A: The film was launched at the Lunenburg Doc Fest last September. I was there with my mentor, Lulu, my sister, and some friends. I wondered how people would receive the film. I said my little spiel and then people watched. There was a lot of laughter, which I really enjoyed. The film has a serious message, but I also wanted people to respond to the funny parts. Then it was shown in the Faculty of Dentistry in February and people were very quiet – there wasn’t much laughter. But then at the end of the film, there were some really good questions, so I knew they were listening and engaged. But maybe they weren’t sure how I would receive their laughter.
Q: Here in the Faculty of Dentistry, we want everyone to understand that oral health is inextricably linked to overall health. Do you feel that mental health is seen as separate from overall health, like dental health often is?
A: I do feel that. Mental health care has been separated from physical health care, even in the health infrastructure. We have a separate hospital for people who need mental health care, for example. And the funding has not been on a par with funding for physical health. I saw how funding disappeared from spaces, like in the Nova Scotia Hospital, and people were deinstitutionalized and put into the community. I think the plan is that more money will be put into mental health care, just like into dental care. When, where, and how that will happen, I don’t know. So that’s the money part. Then there is the stigma part. In the past, I think people with mental illness were seen as being morally defective, like the illness was visited upon them because of some weakness of their character or soul. People with poor dental health are also judged. So there are definitely parallels, particularly in terms of funding. I think mental health care and dental care weren’t given the same status as physical health care because, traditionally, people were blamed for their problems.
Q: When you made the film did you have any expectations for its reception or what it might achieve?

A: I hope that it will get into film festivals and I have submitted it to several of them.
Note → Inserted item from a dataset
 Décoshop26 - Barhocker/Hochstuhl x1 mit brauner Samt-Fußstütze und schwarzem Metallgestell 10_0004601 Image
I also hope it might get broadcast on TV, but I don’t know if that will happen. As for its reception, I just really wanted to make people think about their own teeth and what those teeth have meant to their lives, and their happiness, and all the things around them, like having enough money for housing or dental care or education – so different from Sidewalk Guy, the guy in my film who was lying on the street.
Q: On April 10, the Faculty of Dentistry is holding a private screening of Me and My Teeth with a panel discussion afterwards, including panelists representing housing and mental health. This seems like a great opportunity to bring all these issues that you’ve been talking about together. What would you like to see discussed?
A: I see teeth as an issue on their own, but they’re also a symbol in this film of things that are central to our existence and of vulnerabilities that we have, including housing and acceptance. So I’d like a discussion around those things.